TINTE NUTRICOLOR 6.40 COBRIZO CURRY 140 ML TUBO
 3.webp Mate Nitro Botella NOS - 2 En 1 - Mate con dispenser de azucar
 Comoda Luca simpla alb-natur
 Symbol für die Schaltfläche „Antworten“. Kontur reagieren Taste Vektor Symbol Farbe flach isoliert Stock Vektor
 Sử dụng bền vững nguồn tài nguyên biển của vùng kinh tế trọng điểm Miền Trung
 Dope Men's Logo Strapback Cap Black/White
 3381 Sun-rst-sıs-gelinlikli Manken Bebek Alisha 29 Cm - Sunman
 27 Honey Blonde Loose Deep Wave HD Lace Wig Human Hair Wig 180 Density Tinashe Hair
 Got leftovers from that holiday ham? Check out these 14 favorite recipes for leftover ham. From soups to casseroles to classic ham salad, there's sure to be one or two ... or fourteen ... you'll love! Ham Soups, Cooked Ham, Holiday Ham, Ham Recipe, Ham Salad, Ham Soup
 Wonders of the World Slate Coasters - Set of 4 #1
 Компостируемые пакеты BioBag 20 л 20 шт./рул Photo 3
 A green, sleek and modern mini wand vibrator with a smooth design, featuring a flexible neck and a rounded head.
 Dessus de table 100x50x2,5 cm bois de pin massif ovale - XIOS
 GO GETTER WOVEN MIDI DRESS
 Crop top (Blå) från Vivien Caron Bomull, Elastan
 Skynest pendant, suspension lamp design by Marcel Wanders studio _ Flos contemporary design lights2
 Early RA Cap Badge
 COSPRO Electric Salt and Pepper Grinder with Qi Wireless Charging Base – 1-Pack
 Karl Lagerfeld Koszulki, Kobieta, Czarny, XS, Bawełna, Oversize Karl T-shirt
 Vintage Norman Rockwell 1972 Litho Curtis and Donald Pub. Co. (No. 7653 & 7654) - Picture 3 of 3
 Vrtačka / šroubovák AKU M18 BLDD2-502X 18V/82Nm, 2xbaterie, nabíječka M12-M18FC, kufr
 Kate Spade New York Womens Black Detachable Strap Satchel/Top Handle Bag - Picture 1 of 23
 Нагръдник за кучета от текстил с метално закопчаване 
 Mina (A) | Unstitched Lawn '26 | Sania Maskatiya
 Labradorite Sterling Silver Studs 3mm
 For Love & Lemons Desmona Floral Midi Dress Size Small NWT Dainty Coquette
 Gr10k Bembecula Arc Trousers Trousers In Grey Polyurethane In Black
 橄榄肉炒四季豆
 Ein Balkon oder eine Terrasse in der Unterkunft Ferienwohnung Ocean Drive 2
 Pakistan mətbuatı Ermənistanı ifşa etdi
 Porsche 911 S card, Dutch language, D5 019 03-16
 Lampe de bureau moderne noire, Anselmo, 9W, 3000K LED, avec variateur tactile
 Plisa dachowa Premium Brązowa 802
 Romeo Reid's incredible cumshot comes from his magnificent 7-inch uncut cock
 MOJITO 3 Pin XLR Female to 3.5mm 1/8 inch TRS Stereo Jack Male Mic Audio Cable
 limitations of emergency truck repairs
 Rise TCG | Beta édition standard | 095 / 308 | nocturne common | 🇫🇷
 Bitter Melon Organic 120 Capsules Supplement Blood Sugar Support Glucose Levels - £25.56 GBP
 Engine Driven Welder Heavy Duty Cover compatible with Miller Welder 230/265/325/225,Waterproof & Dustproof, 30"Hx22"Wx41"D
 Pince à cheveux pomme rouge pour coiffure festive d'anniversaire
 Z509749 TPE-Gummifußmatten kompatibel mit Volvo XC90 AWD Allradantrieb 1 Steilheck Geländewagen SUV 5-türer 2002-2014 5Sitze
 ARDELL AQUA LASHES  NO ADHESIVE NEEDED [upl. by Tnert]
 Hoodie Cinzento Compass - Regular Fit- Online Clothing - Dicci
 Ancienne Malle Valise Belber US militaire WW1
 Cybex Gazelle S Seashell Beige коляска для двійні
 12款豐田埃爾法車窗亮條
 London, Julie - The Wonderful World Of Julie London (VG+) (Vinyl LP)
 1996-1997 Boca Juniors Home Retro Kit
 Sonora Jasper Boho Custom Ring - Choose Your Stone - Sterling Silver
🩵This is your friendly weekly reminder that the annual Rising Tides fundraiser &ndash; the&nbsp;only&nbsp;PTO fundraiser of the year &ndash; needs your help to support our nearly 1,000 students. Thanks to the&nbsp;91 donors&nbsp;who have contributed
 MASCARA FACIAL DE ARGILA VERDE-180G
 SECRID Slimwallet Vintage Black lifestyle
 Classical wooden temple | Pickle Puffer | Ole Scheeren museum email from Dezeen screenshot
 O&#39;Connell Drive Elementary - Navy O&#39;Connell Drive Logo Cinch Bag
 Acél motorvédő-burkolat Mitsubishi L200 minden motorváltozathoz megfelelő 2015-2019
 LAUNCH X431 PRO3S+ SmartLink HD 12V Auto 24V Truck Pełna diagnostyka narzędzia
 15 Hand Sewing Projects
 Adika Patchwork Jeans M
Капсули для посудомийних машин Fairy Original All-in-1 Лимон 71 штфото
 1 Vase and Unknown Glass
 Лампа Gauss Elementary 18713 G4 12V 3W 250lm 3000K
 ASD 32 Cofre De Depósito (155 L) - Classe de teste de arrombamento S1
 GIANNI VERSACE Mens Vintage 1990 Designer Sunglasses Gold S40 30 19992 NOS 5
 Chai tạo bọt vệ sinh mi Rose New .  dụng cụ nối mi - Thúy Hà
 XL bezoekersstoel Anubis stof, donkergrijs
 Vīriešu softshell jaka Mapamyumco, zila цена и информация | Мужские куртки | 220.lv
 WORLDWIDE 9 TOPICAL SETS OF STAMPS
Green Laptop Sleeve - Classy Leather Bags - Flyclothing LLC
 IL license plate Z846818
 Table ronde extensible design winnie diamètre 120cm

● ● ● ●

EXERCISE AIM
Give back, unchanged, the line containing "Green Laptop Sleeve" and each line that comes after it in the entries above, ending with the last.

YOUR SOLUTION
Green Laptop Sleeve - Classy Leather Bags - Flyclothing LLC
 IL license plate Z846818
 Table ronde extensible design winnie diamètre 120cm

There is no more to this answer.